Now it is day four, and they are just back from lunch after a very long morning. First the lawyers fought, and though they fought in whispers in front of the judge’s bench, their suited backs turned to the audience like the hard shells of beetles, Lorilei knows part of what they were fighting about was her. Her here. How she went and talked to Ricky. What she wants to say about how she feels.
At the first trial, in 1994, when her grief was fresh and full of anger, the prosecutors were eager to have her in the courtroom. But now that she’s met with Ricky, they’ve called her an unfit mother. A fit mother, they say, would never support her son’s killer. And they have evidence on her, she knows. All those years of alcohol and drugs, of trying to find her way before Jeremy came and gave her a purpose. Then more alcohol and drugs after Jeremy was taken from her.
But she has a purpose again. Mothering Cole, yes, but also, somehow, this trial. What this trial has become
. The prosecutors paid to bring her and Cole here from South Carolina for the trial—they had to—but now they say that since they don’t want her testifying in the penalty phase if there is one, not if she won’t say she wants Ricky killed, they won’t pay to keep her and Cole here anymore. Like she’d go home before the trial’s over. And Cole’s started the school term.
Then there’s the evidence they’re fighting over. The judge has up at his bench a letter from Ricky to Lucky written in 1992 from his cell at the correctional center, offering to sit down with Lucky and an atlas and mark everywhere Ricky has traveled to so he can tell Lucky about all the children he says he molested along the way. Those stories come to Lorilei like the silk and seed a dandelion sheds in the wind. Only the hard knot reaches her. Though the courtroom is the neutral temperature of still air, the stillness feels too hot and tight around her, and perhaps she feels a headache coming on. She rests her head back against the bench and closes her eyes for a minute. How many children were there? Did they meet ends like her Jeremy?

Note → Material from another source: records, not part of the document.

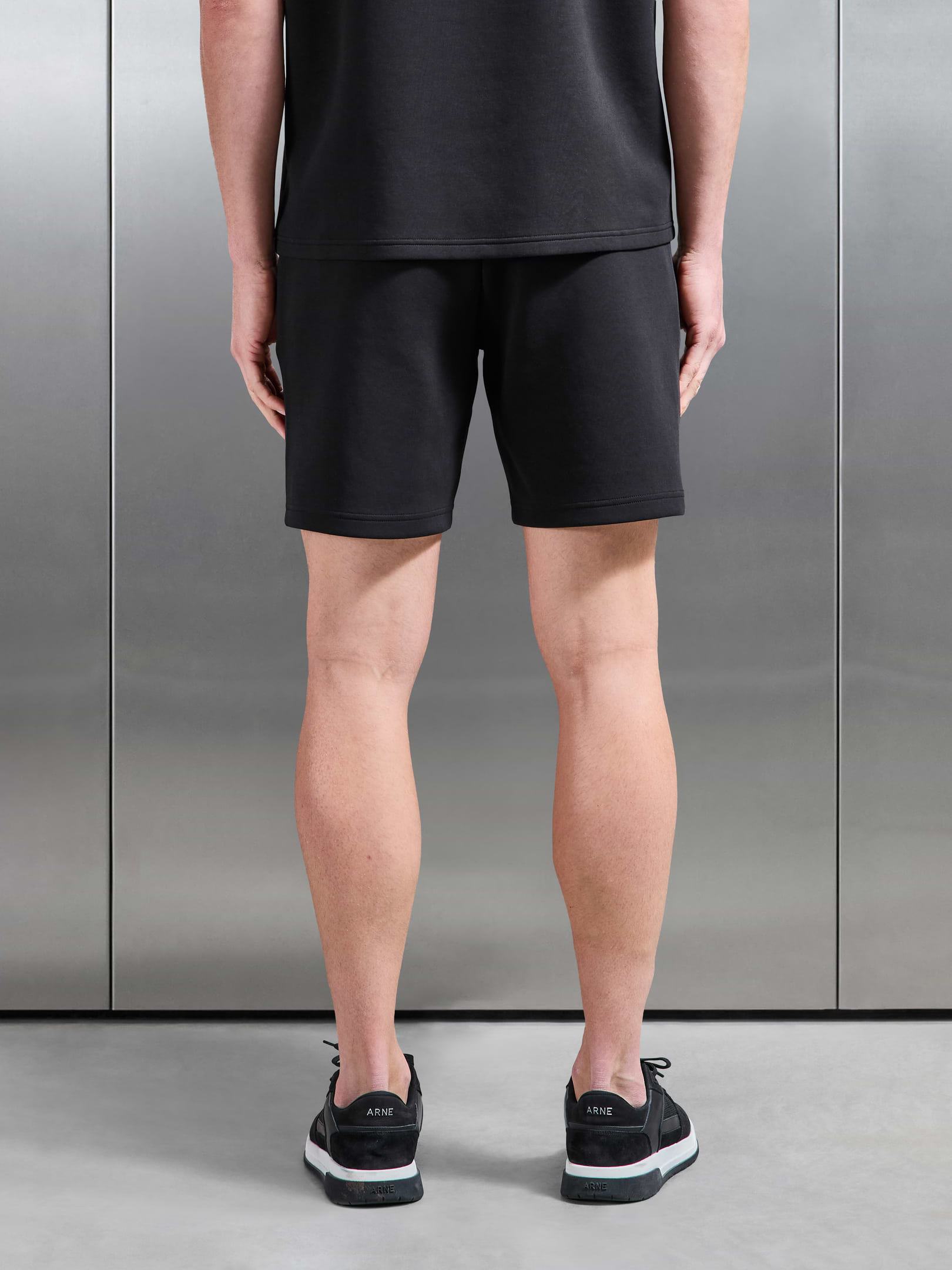 Everyday Luxe Relaxed Short in Black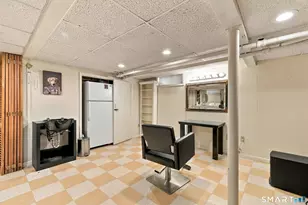 14 Dante Pl, Hamden, CT 06514 - Photo 33
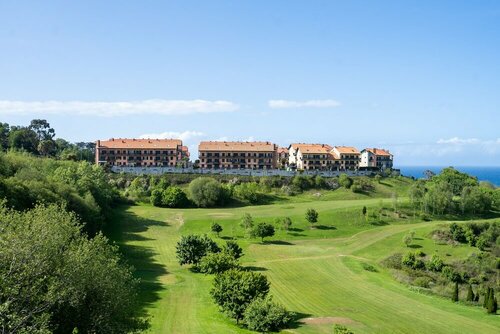 Abba Comillas Golf Hotel, Varaa Hotelli Comillas Cantabria Coast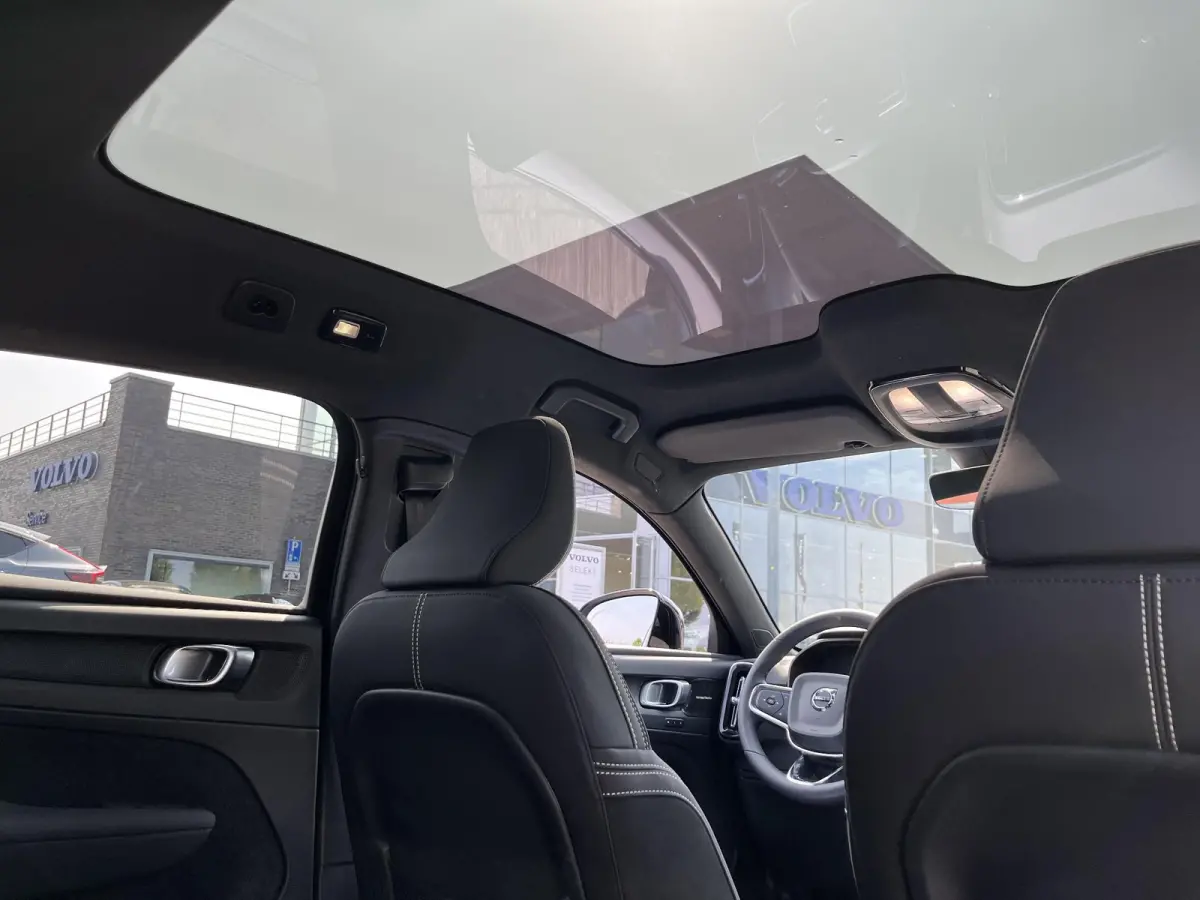 Ultimate Single Motor Extended Range | Warmtepomp | Alcantara | 20 inch Velgen | Pixel Led |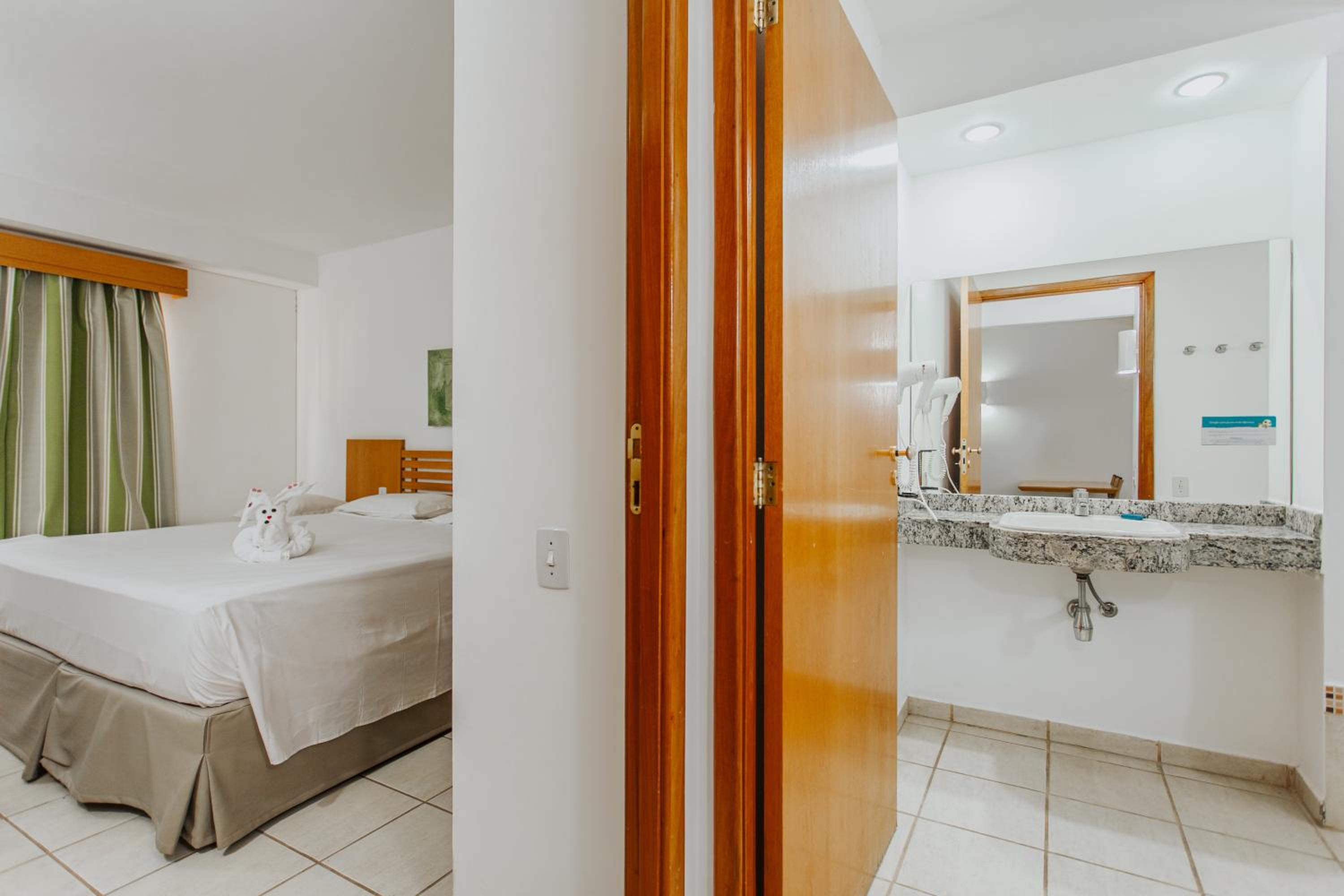Junior Suite with Access to Hot Park and Parque das Fontes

Jeremy. Maybe she lets herself imagine him. Jeremy at seventeen like he would be now. Finding somebody with an ATV he could sweet-talk them out of or jack out of their yard when they weren’t looking, and riding it out over the reedy swamp grass on the long, empty weekend afternoons, maybe running it too quick and jumping off—wouldn’t matter how many times she told him it is was dangerous, in this story he wouldn’t know what dead was—until he and his buddies were thick-covered with mud, laughing, alive. That BB gun he’d loved would be an air rifle, the walks in the woods longer. He’d be sweet on a girl at the high school by now, and when she asked him about her he’d redden from his chin to his ears. She knows his smile so well that her heart aches. Jeremy under the Christmas tree at six, wearing a red sweater, his blond hair gleaming in the lights, grinning so hard his cheeks bulged. That was two months before he died. Don’t think about the way they ran that picture on the evening news; don’t think about the way they’re running that picture on the evening news all over town now. Think of his smile. She transposes it. Grows it up. Subtracts the roundness from the jaw, makes stubble appear above his lip. Seventeen.